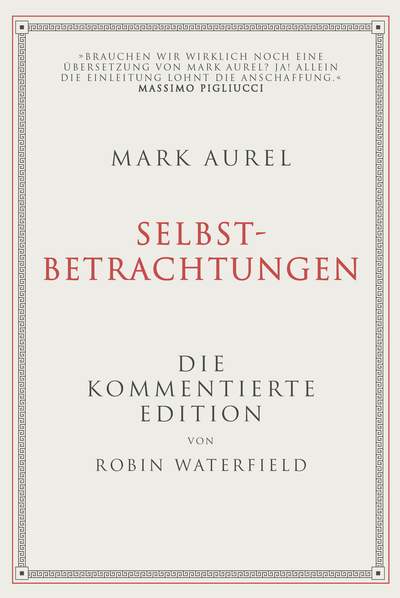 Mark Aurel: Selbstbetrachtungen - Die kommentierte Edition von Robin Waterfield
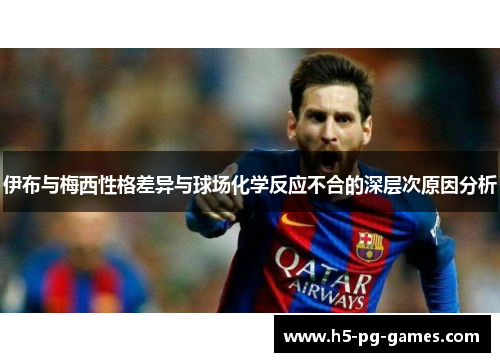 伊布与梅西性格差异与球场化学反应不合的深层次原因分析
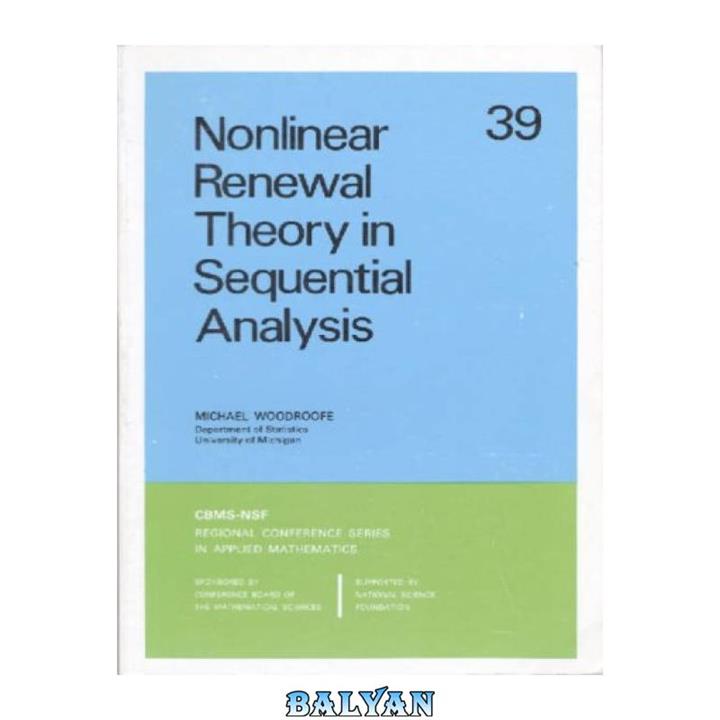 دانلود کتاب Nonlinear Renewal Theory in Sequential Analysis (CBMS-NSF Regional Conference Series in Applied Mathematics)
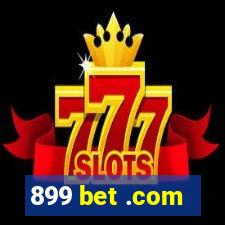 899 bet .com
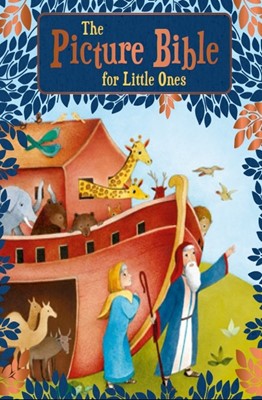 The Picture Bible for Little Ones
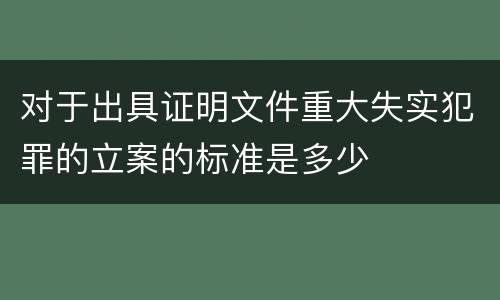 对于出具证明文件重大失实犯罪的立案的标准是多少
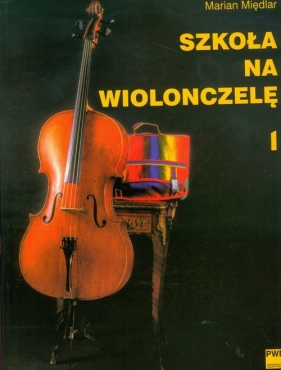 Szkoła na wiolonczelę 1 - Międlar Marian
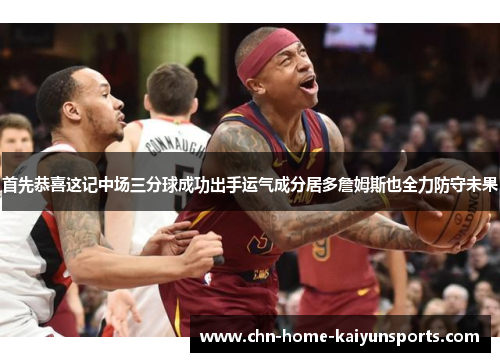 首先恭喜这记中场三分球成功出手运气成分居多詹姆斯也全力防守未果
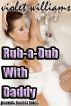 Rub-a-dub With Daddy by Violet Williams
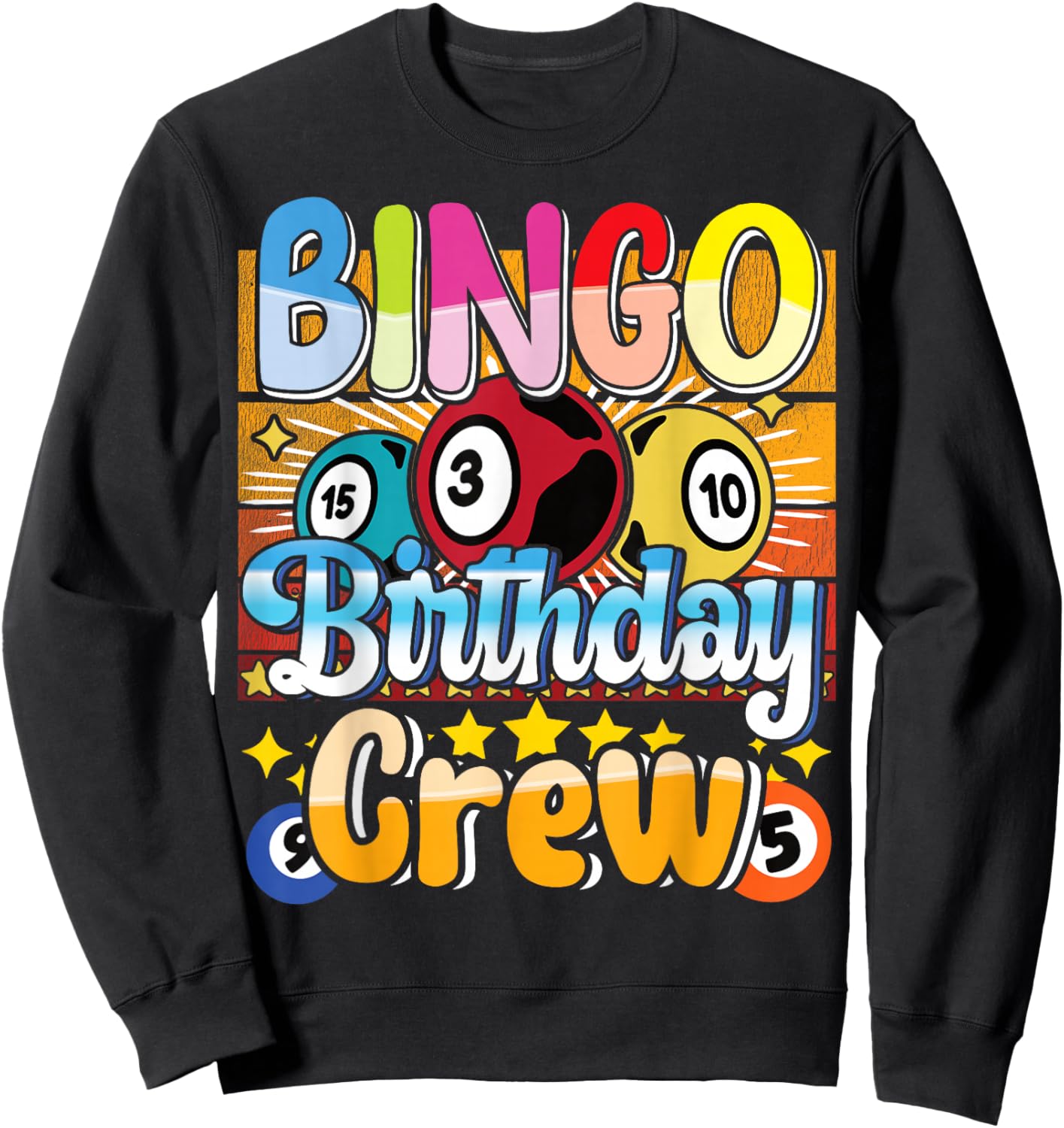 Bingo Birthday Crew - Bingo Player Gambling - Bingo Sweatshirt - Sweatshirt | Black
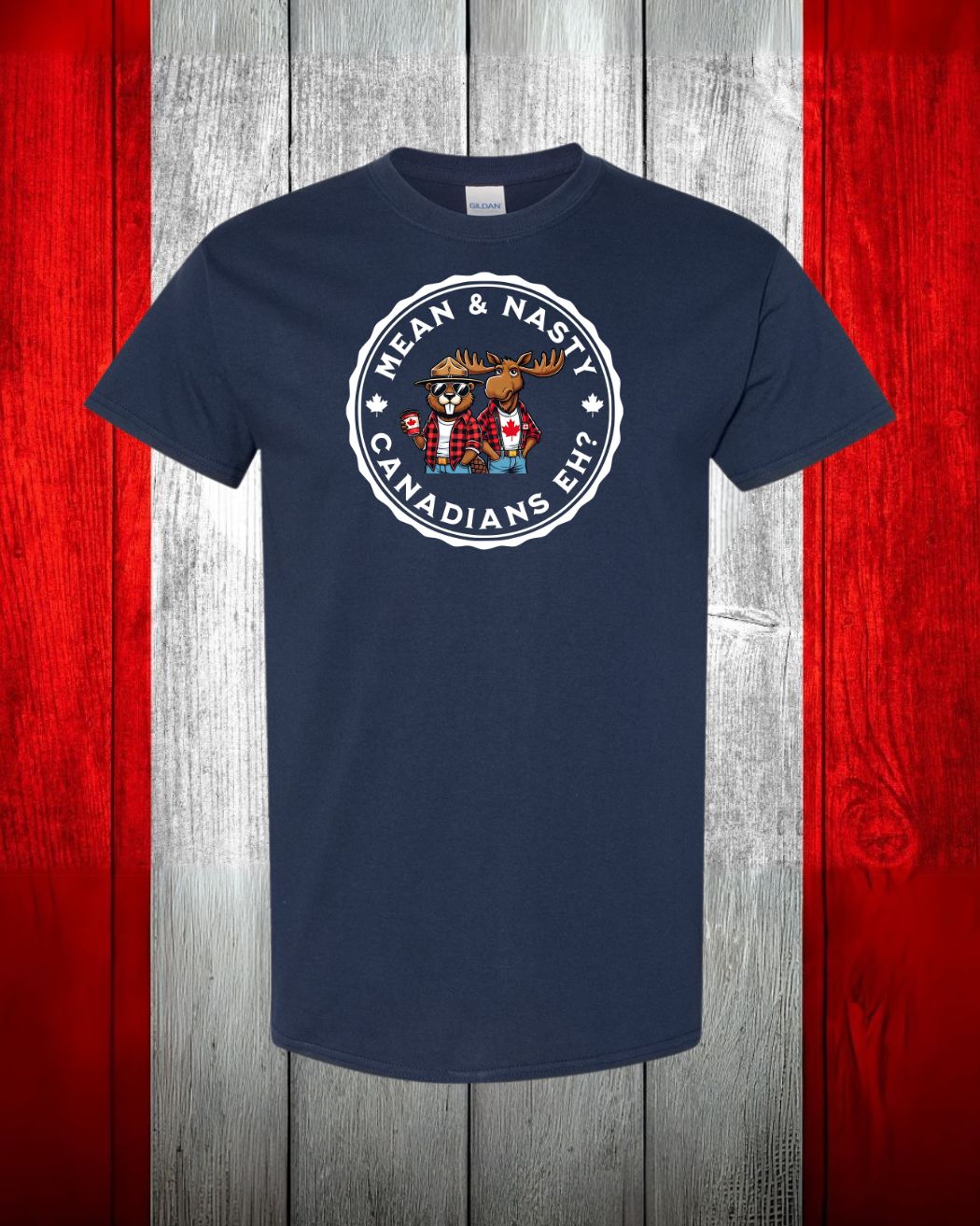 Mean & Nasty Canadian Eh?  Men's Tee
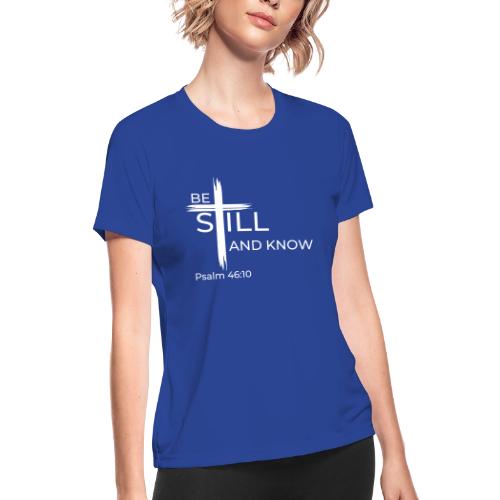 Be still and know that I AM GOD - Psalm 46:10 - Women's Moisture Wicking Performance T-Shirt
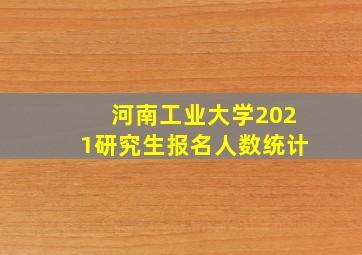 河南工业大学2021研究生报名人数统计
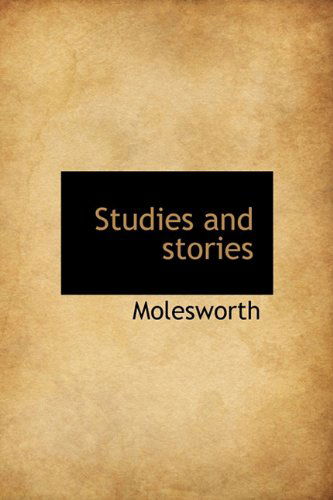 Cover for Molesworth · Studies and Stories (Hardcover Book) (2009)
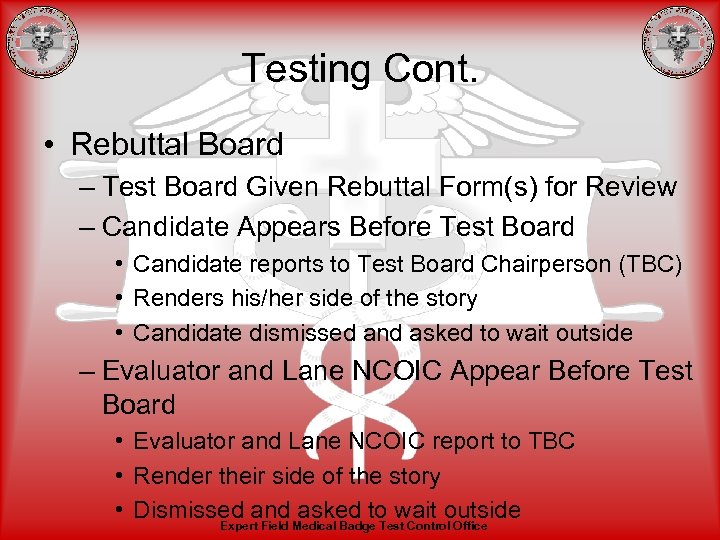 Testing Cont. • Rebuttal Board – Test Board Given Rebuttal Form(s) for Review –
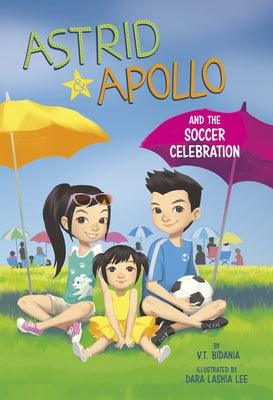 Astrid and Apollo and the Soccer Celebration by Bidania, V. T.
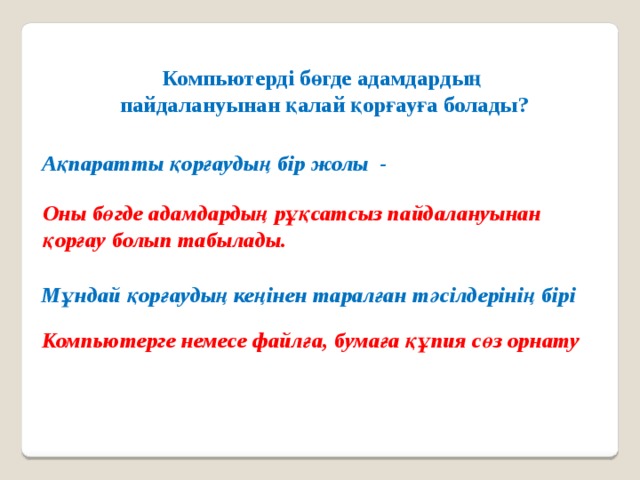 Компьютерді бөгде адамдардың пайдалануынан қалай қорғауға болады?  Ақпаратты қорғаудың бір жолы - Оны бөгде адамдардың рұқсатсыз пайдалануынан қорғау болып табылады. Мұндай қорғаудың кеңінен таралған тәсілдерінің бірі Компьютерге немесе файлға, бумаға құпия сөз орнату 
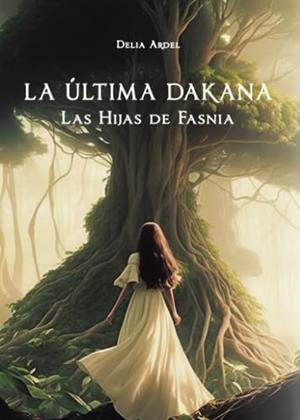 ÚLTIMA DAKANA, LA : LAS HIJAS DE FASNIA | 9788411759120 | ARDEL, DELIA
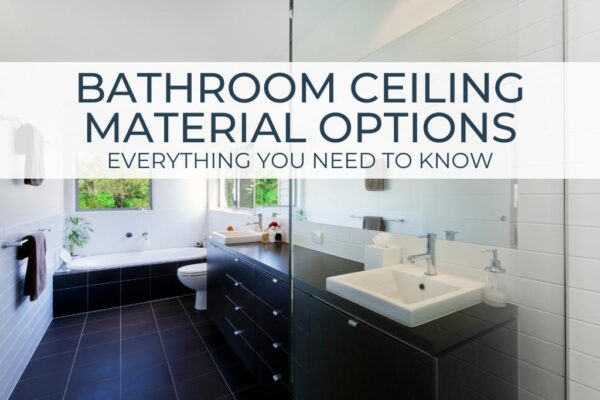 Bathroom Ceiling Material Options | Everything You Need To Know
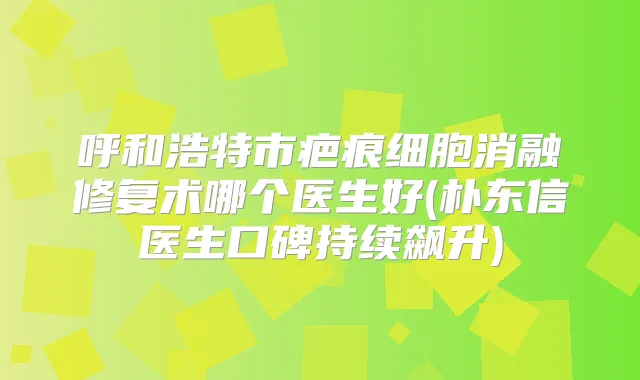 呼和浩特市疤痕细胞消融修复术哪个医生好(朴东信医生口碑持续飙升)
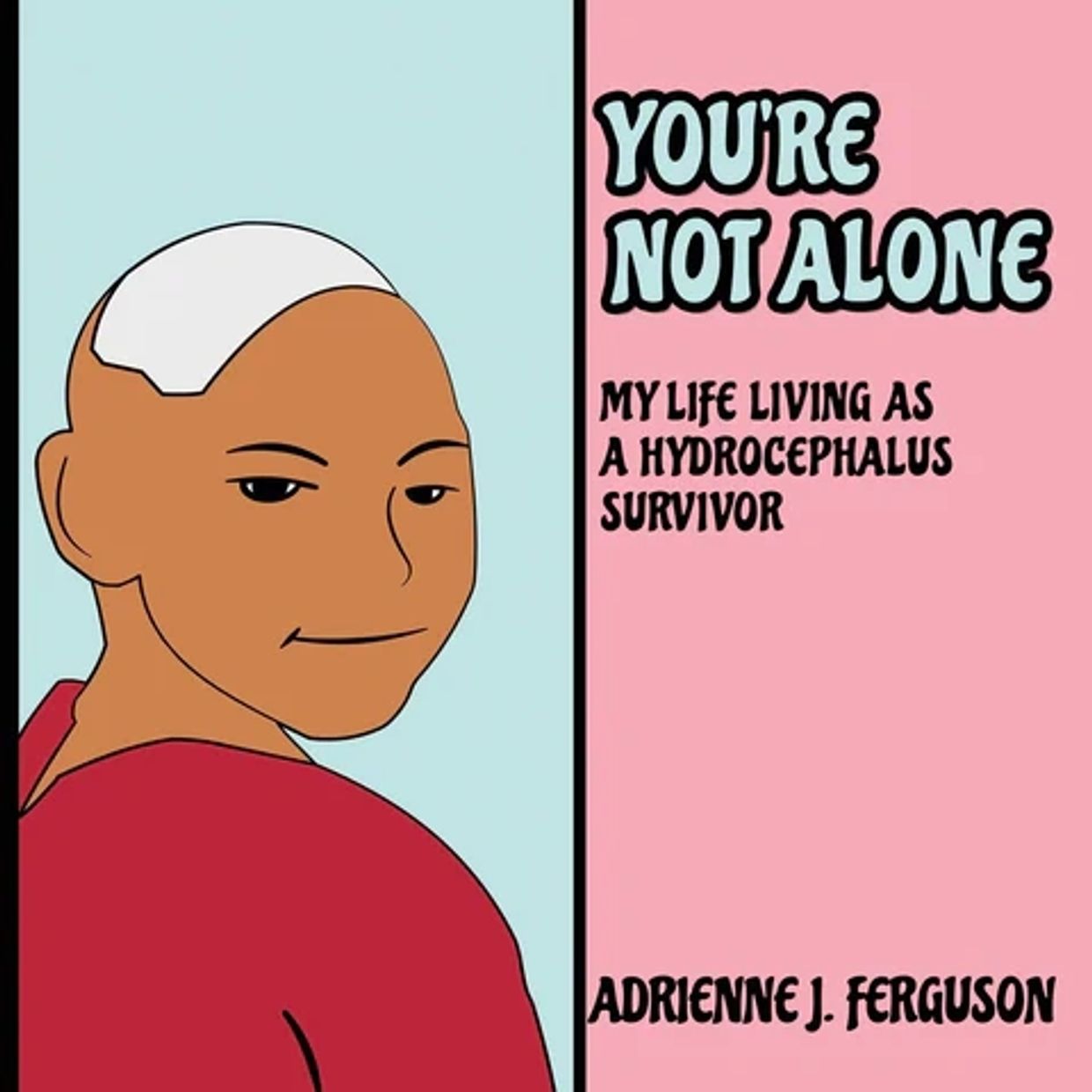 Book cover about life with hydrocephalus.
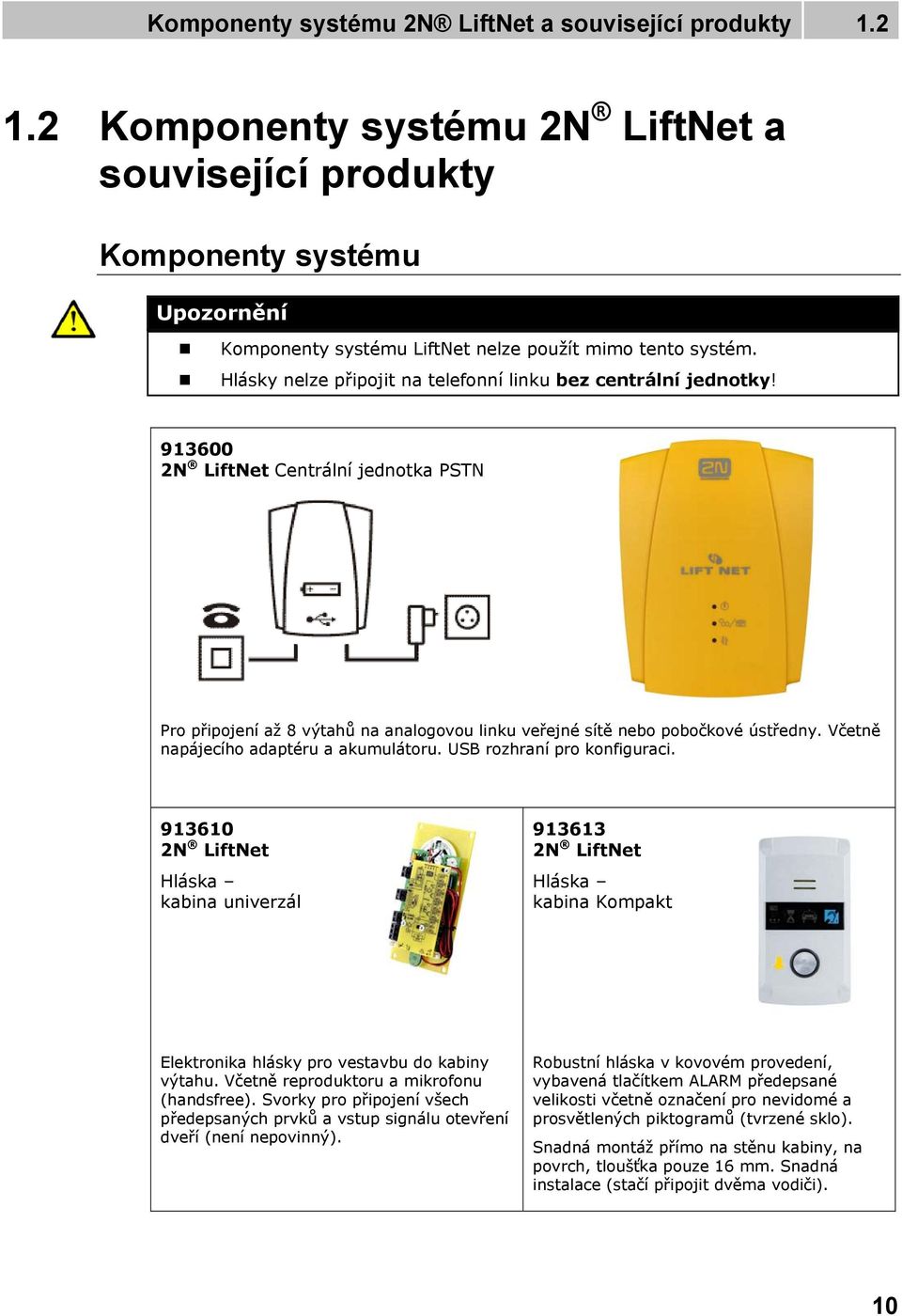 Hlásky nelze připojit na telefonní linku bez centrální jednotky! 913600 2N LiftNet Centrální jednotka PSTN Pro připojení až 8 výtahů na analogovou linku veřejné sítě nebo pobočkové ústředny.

* [THE PROBLEM]:
Please return the data above exactly as it stands from the line with "Rub-a-dub With Daddy by Violet Williams" to the line with "Be still and", keeping both of those lines but none of the pictures.

* [ANSWER]:
 Rub-a-dub With Daddy by Violet Williams
 Bingo Birthday Crew - Bingo Player Gambling - Bingo Sweatshirt - Sweatshirt | Black
 Mean & Nasty Canadian Eh?  Men's Tee
 Be still and know that I AM GOD - Psalm 46:10 - Women's Moisture Wicking Performance T-Shirt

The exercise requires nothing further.